Сегодня ее дом — Бельвиль: мультикультурный квартал на другом конце Парижа. Смена курса? «Мы оказались в Нейи случайно. Мой отец нашел там дом, настоящий hôtel particulier — частный особняк, и это была красивая семейная история. Но кроме адреса нас с Нейи ничего не связывало. Тусовались мы с отцом на Бастилии, в 1970‑е годы это был самый модный и хипстерский, как бы сегодня сказали, район. В лицее моими друзьями были дети консьержек — с ними было круто. А младший брат, наоборот, вращался в кругах графских детей с бульвара Мориса Барреса».
Бельвиль стал не только домом, но и ее мастерской, лабораторией, вдохновением. «Это такой сплав национальностей, настоящий мир в миниатюре, который адаптируется под французские порядки, под нашу культуру. Я очень люблю наблюдать за местными людьми: как, например, женщины в традиционных африканских платьях бубу утепляются, надевают сверху пальто или вниз штаны. Этот разрыв — в самом широком смысле слова — меня как дизайнера всегда завораживал. А вообще вдохновить может простой жест — закрутила женщина волосы в пучок на бегу, а у меня перед глазами уже готовый образ и конкретные вещи».
В семье всегда путешествовали. Отец даже бывал в России: организовывал выставки для крупных французских компаний — так на стеллажах рядом с артефактами из Мексики селились русские иконы. Свое первое путешествие Изабель запомнила на всю жизнь. «Мне 17. Говорю отцу, что еду в Лондон с подружкой, а сама лечу с ямайским приятелем в Африку. У нас за спиной рюкзаки, денег в кармане два сантима, зато энергии хоть отбавляй. Тогда я впервые увидела простых мастеров-ремесленников, которые своими руками создавали фантастические украшения. Какая еще бизнес-школа?! Вернувшись, я решила делать украшения. Меня до сих пор восхищает ручная работа ткачей, вышивальщиц, вязальщиц. Я, кстати, сама в детстве крестиком вышивала».

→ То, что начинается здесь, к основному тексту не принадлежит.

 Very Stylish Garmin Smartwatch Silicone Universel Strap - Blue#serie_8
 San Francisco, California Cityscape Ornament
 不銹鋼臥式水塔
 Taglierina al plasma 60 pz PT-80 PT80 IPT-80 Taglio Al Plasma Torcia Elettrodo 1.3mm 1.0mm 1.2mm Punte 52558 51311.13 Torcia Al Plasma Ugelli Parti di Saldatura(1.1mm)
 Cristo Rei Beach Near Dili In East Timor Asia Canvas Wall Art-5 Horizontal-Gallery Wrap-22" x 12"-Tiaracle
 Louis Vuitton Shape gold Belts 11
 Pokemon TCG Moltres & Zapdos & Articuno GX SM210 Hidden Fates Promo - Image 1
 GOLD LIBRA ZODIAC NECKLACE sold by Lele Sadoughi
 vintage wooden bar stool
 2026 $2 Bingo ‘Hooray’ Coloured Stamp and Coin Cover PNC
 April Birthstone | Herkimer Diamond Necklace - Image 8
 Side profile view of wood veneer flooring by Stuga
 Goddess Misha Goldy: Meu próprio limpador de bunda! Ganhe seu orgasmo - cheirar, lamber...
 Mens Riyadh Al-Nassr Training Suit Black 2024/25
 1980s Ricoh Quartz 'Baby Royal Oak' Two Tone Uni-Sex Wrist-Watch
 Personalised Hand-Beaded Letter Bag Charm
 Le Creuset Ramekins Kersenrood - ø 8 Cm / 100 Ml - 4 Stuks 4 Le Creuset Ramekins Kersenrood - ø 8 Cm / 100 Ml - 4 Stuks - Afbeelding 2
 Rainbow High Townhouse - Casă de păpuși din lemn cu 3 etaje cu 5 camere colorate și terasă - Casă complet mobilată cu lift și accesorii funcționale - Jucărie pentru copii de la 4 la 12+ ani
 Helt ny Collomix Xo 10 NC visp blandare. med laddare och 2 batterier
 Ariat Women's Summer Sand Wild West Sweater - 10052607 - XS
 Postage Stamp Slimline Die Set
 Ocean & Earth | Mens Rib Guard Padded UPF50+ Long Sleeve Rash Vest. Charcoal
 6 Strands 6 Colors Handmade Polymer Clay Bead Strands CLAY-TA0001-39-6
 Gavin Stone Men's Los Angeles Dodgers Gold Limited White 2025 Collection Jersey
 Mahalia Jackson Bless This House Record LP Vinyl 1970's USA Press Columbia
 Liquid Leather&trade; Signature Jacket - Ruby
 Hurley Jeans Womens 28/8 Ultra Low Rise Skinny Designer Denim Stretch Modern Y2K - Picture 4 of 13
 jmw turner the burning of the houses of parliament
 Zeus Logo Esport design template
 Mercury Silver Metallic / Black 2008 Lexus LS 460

Патти Смит и вышивание крестиком? В этом вся Изабель Маран: «Я — феминистка, но не кричу об этом с трибуны. Для меня это естественно, у меня с самого начала работали только женщины. Нас долго пытались загонять в рамки, навязывать нам роли, а у нас их много, и мы во всех хороши. Я, кстати, люблю русских женщин и совершенно разных — от Саши Пивоваровой до Анны Политковской».
Она бы и сегодня взялась за пяльца, если бы не график показов. Хотя Изабель четко знает, как сбавить темп. Каждые выходные она уезжает в свой лесной дом в Фонтенбло, отключает телефон и голову. «У меня сбалансированная жизнь, муж, мы вместе уже 22 года (дизайнер Жером Дрейфус. — Прим. Vogue), сын-подросток, которого я понимаю — сама недавно была такой же, поэтому сгорать в моде я не собираюсь. Говорю же, не люблю драмы», — смеется Изабель. Больше драм не любит только календарные праздники. «Наряд на Рождество и Новый год?! Увольте!» — язвит она. В Альпах, где она с друзьями проводит остаток декабря, в моде всегда одно и то же — лыжные костюмы, шерстяные носки и пижамы.